• _WHAT YOU SHOULD DO_
Transcribe all the data below exactly, leaving its pictures out.

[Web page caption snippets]
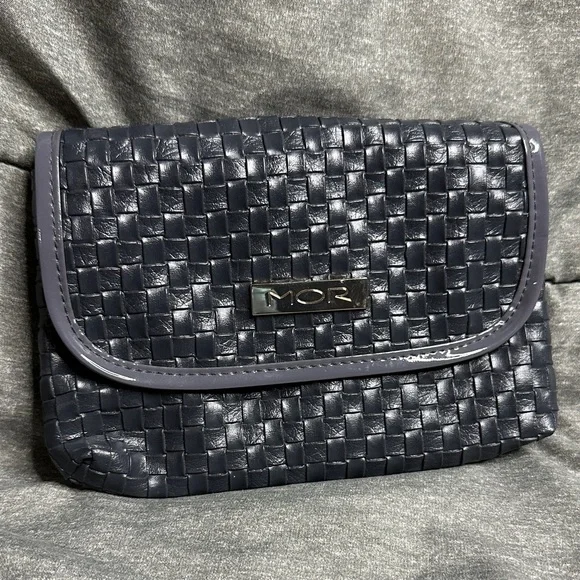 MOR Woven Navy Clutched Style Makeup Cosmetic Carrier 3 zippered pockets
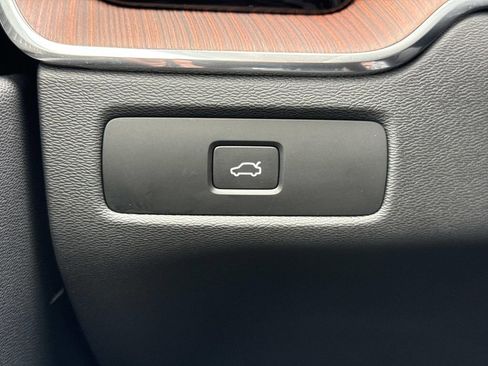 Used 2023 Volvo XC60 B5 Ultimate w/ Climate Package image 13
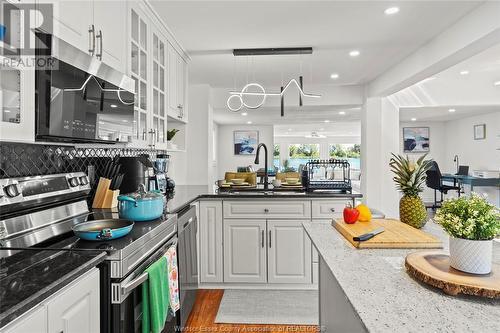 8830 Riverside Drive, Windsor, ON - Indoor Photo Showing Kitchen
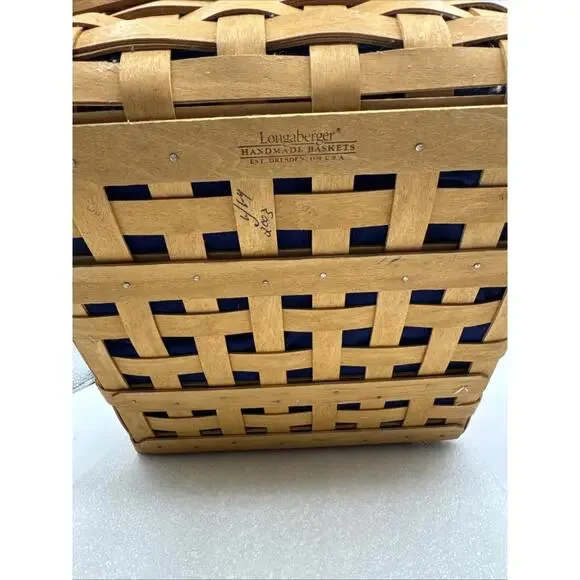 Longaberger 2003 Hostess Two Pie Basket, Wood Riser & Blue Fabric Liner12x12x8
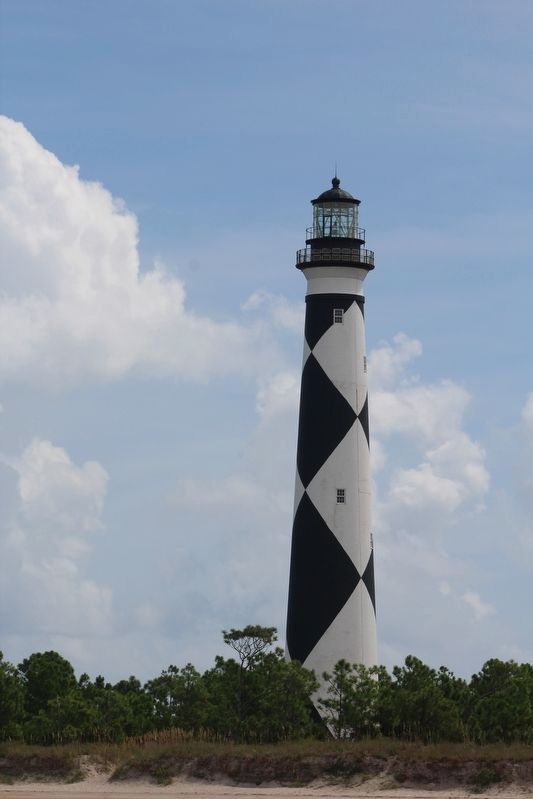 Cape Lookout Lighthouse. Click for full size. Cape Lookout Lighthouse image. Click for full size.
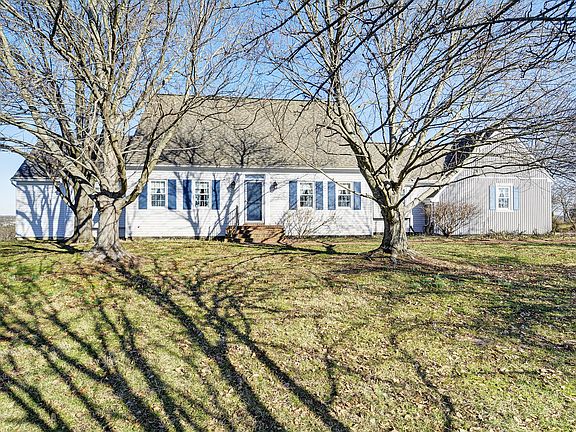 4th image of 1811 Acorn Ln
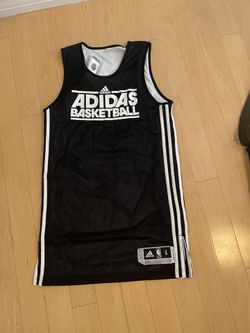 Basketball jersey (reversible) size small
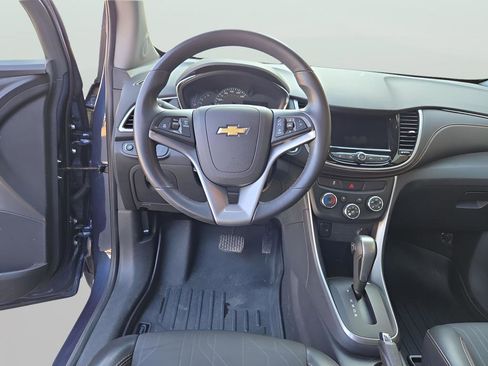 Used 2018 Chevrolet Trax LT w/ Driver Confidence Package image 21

• _YOUR SOLUTION_
 MOR Woven Navy Clutched Style Makeup Cosmetic Carrier 3 zippered pockets
 Used 2023 Volvo XC60 B5 Ultimate w/ Climate Package image 13
 8830 Riverside Drive, Windsor, ON - Indoor Photo Showing Kitchen
 Longaberger 2003 Hostess Two Pie Basket, Wood Riser & Blue Fabric Liner12x12x8
 Cape Lookout Lighthouse. Click for full size. Cape Lookout Lighthouse image. Click for full size.
 4th image of 1811 Acorn Ln
 Basketball jersey (reversible) size small
 Used 2018 Chevrolet Trax LT w/ Driver Confidence Package image 21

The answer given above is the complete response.